Konica Minolta was the victim of a ransomware attack in July, however the company said the attackers did not breach All Covered’s network.

“No impact to All Covered nor was any Konica Minolta data accessed or impacted,” the company said in a statement to CRN in August.

Ransomware attacks have only gotten worse in 2020, with hackers growing in sophistication to research their targets, choosing bigger solution providers in the hopes of massive paydays.

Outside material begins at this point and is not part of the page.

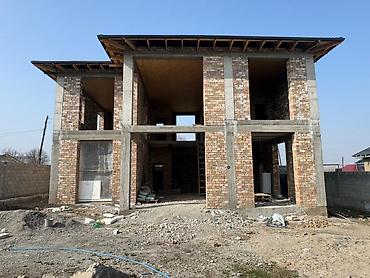 Продажа коттеджей и домов: Продаётся 2-этажный дом ПСО 📍 с. Кунтуу (всего 300 м от трассы) 📐 — 1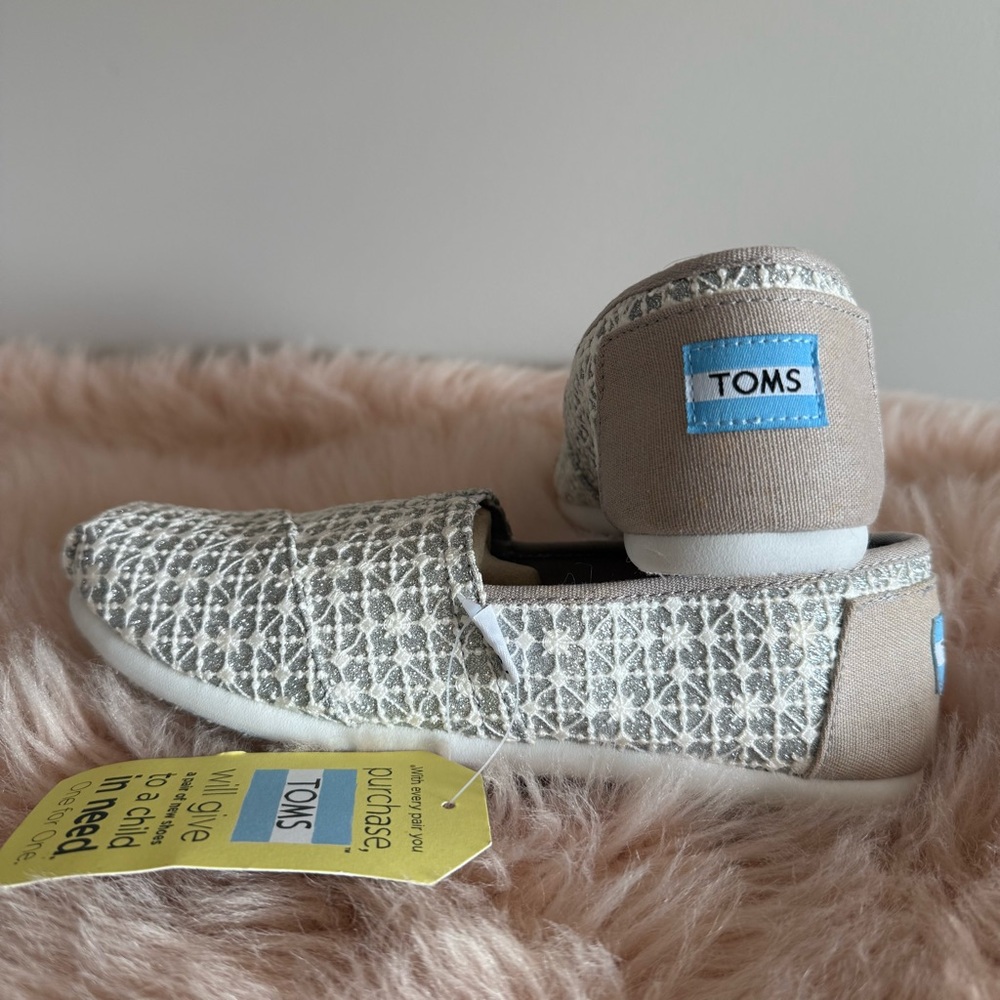 TOMS Kids' Silver Lace Glimmer Toms, New With Tags, Youth 5.5 (Women 7), Sparkly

“In the past we used to see more of a wholesale approach to ransomware where everyone would be asked for $100,000 ransom or something like that,” Abramov said. “Nowadays, we‘re seeing a lot more targeted events occur, a lot more situational awareness by the attackers as well to ask for larger ransoms in a larger ecosystem, and a larger company.”

This year high-profile attacks by publicity seeking ransomware groups such as Maze and REvil have exfiltrated data from a growing list of large solution providers such as Conduent, Cognizant, and Xerox, as well as consumer tech companies such as Garmin. The criminals then threaten to release the documents including invoices, and internal communications, it if a ransom isn’t paid.

The Maze ransomware group has posted hundreds of gigabytes worth of data from its victims on a website where it also posts press releases about its latest successful attacks.

“Oftentimes, knowing that you‘re under attack is much more difficult than it should be, as we’ve seen in our examples,” Abramov said. “Twenty-four-by-seven effective monitoring and environment can help you identify your proverbial needle in the haystack and allow you to respond.”